### [YOUR GOAL]
Each entry here is to be restated word for word.

+ + +

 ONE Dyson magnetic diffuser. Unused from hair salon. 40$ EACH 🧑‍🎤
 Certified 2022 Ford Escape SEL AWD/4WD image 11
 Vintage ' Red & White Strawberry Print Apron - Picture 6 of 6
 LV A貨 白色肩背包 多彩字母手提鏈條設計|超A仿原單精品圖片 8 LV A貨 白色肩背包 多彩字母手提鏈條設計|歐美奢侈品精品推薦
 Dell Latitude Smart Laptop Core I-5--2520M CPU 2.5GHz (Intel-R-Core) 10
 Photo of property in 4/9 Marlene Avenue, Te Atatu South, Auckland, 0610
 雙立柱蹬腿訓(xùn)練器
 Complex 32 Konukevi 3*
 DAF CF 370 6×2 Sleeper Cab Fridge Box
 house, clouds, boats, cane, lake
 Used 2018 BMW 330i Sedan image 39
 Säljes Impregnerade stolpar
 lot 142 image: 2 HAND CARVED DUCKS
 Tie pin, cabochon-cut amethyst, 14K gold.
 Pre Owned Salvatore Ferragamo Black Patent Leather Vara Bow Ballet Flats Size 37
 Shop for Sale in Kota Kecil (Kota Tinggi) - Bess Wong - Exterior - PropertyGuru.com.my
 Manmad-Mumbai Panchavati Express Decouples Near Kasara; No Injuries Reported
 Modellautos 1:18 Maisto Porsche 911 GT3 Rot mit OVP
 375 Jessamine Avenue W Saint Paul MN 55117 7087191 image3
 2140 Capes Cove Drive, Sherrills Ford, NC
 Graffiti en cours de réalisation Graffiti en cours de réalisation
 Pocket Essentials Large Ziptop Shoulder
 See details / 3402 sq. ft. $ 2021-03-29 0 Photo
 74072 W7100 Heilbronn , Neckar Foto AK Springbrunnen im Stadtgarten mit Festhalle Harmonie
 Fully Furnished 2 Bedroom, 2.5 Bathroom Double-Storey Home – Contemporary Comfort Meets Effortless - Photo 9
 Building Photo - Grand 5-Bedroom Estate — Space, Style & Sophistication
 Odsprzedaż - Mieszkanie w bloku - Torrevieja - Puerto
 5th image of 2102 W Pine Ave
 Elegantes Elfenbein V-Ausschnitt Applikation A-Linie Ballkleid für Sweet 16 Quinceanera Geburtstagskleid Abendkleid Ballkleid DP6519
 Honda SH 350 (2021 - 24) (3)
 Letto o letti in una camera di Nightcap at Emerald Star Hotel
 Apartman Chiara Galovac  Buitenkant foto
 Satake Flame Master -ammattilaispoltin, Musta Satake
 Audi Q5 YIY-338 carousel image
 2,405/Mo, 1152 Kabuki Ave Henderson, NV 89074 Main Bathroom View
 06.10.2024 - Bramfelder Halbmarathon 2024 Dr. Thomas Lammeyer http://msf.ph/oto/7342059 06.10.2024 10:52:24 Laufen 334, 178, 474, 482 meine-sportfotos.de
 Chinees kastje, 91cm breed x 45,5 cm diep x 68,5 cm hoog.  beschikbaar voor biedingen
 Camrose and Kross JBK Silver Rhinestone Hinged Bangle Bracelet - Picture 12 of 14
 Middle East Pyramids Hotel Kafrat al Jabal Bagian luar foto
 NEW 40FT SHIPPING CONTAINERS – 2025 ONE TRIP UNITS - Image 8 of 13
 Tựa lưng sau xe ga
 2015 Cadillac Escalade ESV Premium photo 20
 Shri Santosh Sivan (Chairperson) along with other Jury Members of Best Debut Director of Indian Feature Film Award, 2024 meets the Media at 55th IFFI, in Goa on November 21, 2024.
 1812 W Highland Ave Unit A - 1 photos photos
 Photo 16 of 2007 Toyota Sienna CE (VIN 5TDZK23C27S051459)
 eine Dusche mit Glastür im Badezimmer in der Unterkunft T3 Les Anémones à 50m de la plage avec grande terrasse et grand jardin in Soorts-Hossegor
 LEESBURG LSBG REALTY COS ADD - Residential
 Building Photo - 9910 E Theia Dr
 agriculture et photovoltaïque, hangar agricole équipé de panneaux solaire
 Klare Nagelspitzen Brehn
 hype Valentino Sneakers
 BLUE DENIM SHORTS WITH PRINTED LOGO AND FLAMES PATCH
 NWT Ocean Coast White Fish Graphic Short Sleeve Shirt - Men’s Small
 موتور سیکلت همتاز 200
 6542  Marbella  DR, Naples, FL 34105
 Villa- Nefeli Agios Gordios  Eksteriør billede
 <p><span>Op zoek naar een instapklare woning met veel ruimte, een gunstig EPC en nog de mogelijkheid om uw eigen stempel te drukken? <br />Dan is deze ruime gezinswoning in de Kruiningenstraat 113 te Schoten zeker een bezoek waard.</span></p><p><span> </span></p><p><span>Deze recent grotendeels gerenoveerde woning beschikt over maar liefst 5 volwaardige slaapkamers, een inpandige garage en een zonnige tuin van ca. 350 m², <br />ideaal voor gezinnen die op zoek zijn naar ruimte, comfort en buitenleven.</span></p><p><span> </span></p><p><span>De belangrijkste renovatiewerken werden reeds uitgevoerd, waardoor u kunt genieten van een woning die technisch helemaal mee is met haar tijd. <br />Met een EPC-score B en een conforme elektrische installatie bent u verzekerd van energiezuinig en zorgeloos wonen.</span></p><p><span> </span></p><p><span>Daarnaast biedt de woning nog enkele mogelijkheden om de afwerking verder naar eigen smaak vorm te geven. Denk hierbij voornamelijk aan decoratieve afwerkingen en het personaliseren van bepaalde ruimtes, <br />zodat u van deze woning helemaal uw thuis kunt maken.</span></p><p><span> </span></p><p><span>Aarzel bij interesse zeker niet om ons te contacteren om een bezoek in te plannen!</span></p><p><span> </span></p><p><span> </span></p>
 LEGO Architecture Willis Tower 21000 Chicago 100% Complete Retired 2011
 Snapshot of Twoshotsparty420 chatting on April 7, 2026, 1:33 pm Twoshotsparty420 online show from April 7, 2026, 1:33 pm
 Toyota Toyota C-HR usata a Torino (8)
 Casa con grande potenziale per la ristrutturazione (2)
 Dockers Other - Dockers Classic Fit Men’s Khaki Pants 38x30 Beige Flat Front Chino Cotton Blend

+ + +

### [EXERCISE RESULT]
 ONE Dyson magnetic diffuser. Unused from hair salon. 40$ EACH 🧑‍🎤
 Certified 2022 Ford Escape SEL AWD/4WD image 11
 Vintage ' Red & White Strawberry Print Apron - Picture 6 of 6
 LV A貨 白色肩背包 多彩字母手提鏈條設計|超A仿原單精品圖片 8 LV A貨 白色肩背包 多彩字母手提鏈條設計|歐美奢侈品精品推薦
 Dell Latitude Smart Laptop Core I-5--2520M CPU 2.5GHz (Intel-R-Core) 10
 Photo of property in 4/9 Marlene Avenue, Te Atatu South, Auckland, 0610
 雙立柱蹬腿訓(xùn)練器
 Complex 32 Konukevi 3*
 DAF CF 370 6×2 Sleeper Cab Fridge Box
 house, clouds, boats, cane, lake
 Used 2018 BMW 330i Sedan image 39
 Säljes Impregnerade stolpar
 lot 142 image: 2 HAND CARVED DUCKS
 Tie pin, cabochon-cut amethyst, 14K gold.
 Pre Owned Salvatore Ferragamo Black Patent Leather Vara Bow Ballet Flats Size 37
 Shop for Sale in Kota Kecil (Kota Tinggi) - Bess Wong - Exterior - PropertyGuru.com.my
 Manmad-Mumbai Panchavati Express Decouples Near Kasara; No Injuries Reported
 Modellautos 1:18 Maisto Porsche 911 GT3 Rot mit OVP
 375 Jessamine Avenue W Saint Paul MN 55117 7087191 image3
 2140 Capes Cove Drive, Sherrills Ford, NC
 Graffiti en cours de réalisation Graffiti en cours de réalisation
 Pocket Essentials Large Ziptop Shoulder
 See details / 3402 sq. ft. $ 2021-03-29 0 Photo
 74072 W7100 Heilbronn , Neckar Foto AK Springbrunnen im Stadtgarten mit Festhalle Harmonie
 Fully Furnished 2 Bedroom, 2.5 Bathroom Double-Storey Home – Contemporary Comfort Meets Effortless - Photo 9
 Building Photo - Grand 5-Bedroom Estate — Space, Style & Sophistication
 Odsprzedaż - Mieszkanie w bloku - Torrevieja - Puerto
 5th image of 2102 W Pine Ave
 Elegantes Elfenbein V-Ausschnitt Applikation A-Linie Ballkleid für Sweet 16 Quinceanera Geburtstagskleid Abendkleid Ballkleid DP6519
 Honda SH 350 (2021 - 24) (3)
 Letto o letti in una camera di Nightcap at Emerald Star Hotel
 Apartman Chiara Galovac  Buitenkant foto
 Satake Flame Master -ammattilaispoltin, Musta Satake
 Audi Q5 YIY-338 carousel image
 2,405/Mo, 1152 Kabuki Ave Henderson, NV 89074 Main Bathroom View
 06.10.2024 - Bramfelder Halbmarathon 2024 Dr. Thomas Lammeyer http://msf.ph/oto/7342059 06.10.2024 10:52:24 Laufen 334, 178, 474, 482 meine-sportfotos.de
 Chinees kastje, 91cm breed x 45,5 cm diep x 68,5 cm hoog.  beschikbaar voor biedingen
 Camrose and Kross JBK Silver Rhinestone Hinged Bangle Bracelet - Picture 12 of 14
 Middle East Pyramids Hotel Kafrat al Jabal Bagian luar foto
 NEW 40FT SHIPPING CONTAINERS – 2025 ONE TRIP UNITS - Image 8 of 13
 Tựa lưng sau xe ga
 2015 Cadillac Escalade ESV Premium photo 20
 Shri Santosh Sivan (Chairperson) along with other Jury Members of Best Debut Director of Indian Feature Film Award, 2024 meets the Media at 55th IFFI, in Goa on November 21, 2024.
 1812 W Highland Ave Unit A - 1 photos photos
 Photo 16 of 2007 Toyota Sienna CE (VIN 5TDZK23C27S051459)
 eine Dusche mit Glastür im Badezimmer in der Unterkunft T3 Les Anémones à 50m de la plage avec grande terrasse et grand jardin in Soorts-Hossegor
 LEESBURG LSBG REALTY COS ADD - Residential
 Building Photo - 9910 E Theia Dr
 agriculture et photovoltaïque, hangar agricole équipé de panneaux solaire
 Klare Nagelspitzen Brehn
 hype Valentino Sneakers
 BLUE DENIM SHORTS WITH PRINTED LOGO AND FLAMES PATCH
 NWT Ocean Coast White Fish Graphic Short Sleeve Shirt - Men’s Small
 موتور سیکلت همتاز 200
 6542  Marbella  DR, Naples, FL 34105
 Villa- Nefeli Agios Gordios  Eksteriør billede
 <p><span>Op zoek naar een instapklare woning met veel ruimte, een gunstig EPC en nog de mogelijkheid om uw eigen stempel te drukken? <br />Dan is deze ruime gezinswoning in de Kruiningenstraat 113 te Schoten zeker een bezoek waard.</span></p><p><span> </span></p><p><span>Deze recent grotendeels gerenoveerde woning beschikt over maar liefst 5 volwaardige slaapkamers, een inpandige garage en een zonnige tuin van ca. 350 m², <br />ideaal voor gezinnen die op zoek zijn naar ruimte, comfort en buitenleven.</span></p><p><span> </span></p><p><span>De belangrijkste renovatiewerken werden reeds uitgevoerd, waardoor u kunt genieten van een woning die technisch helemaal mee is met haar tijd. <br />Met een EPC-score B en een conforme elektrische installatie bent u verzekerd van energiezuinig en zorgeloos wonen.</span></p><p><span> </span></p><p><span>Daarnaast biedt de woning nog enkele mogelijkheden om de afwerking verder naar eigen smaak vorm te geven. Denk hierbij voornamelijk aan decoratieve afwerkingen en het personaliseren van bepaalde ruimtes, <br />zodat u van deze woning helemaal uw thuis kunt maken.</span></p><p><span> </span></p><p><span>Aarzel bij interesse zeker niet om ons te contacteren om een bezoek in te plannen!</span></p><p><span> </span></p><p><span> </span></p>
 LEGO Architecture Willis Tower 21000 Chicago 100% Complete Retired 2011
 Snapshot of Twoshotsparty420 chatting on April 7, 2026, 1:33 pm Twoshotsparty420 online show from April 7, 2026, 1:33 pm
 Toyota Toyota C-HR usata a Torino (8)
 Casa con grande potenziale per la ristrutturazione (2)
 Dockers Other - Dockers Classic Fit Men’s Khaki Pants 38x30 Beige Flat Front Chino Cotton Blend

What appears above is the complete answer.